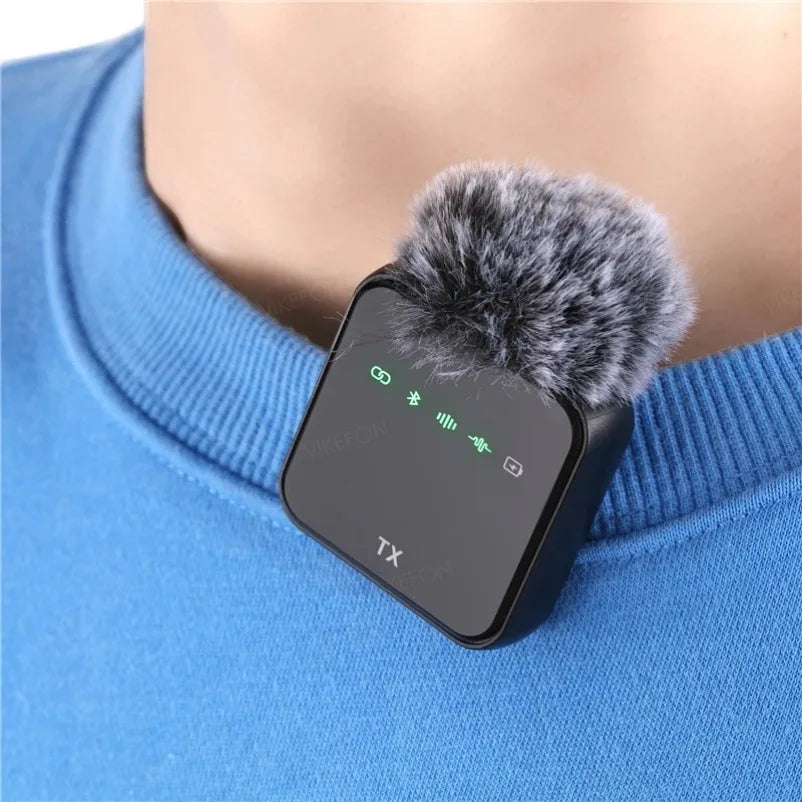 Wireless Lavalier Microphone System Bluetooth Audio Video Voice Recording Mic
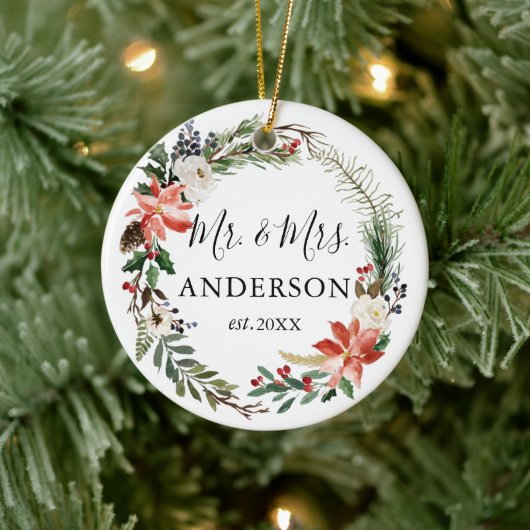 Eleganter Blumenstrauß frisch verheiratet Keramik Ornament (Baum)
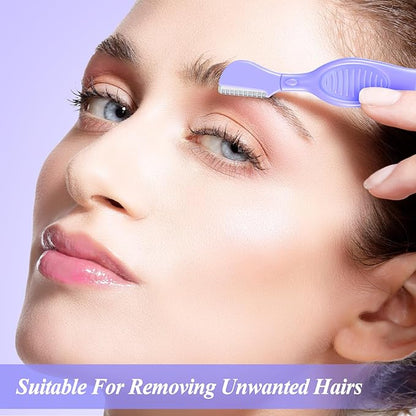 Mudder 21 Pcs Eyebrow Razor Eyebrow Shaver Facial Razor Multipurpose Face Trimmers with Precision Cover for Women Makeup Care Tools(Purple)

§ **EXERCISE PROMPT**:
Nothing but the lines from the one with "Eleganter Blumenstrauß frisch" through the last line of the material above should appear in the answer, each copied exactly, with no pictures.

§ **TASK SOLUTION**:
 Eleganter Blumenstrauß frisch verheiratet Keramik Ornament (Baum)
 Mudder 21 Pcs Eyebrow Razor Eyebrow Shaver Facial Razor Multipurpose Face Trimmers with Precision Cover for Women Makeup Care Tools(Purple)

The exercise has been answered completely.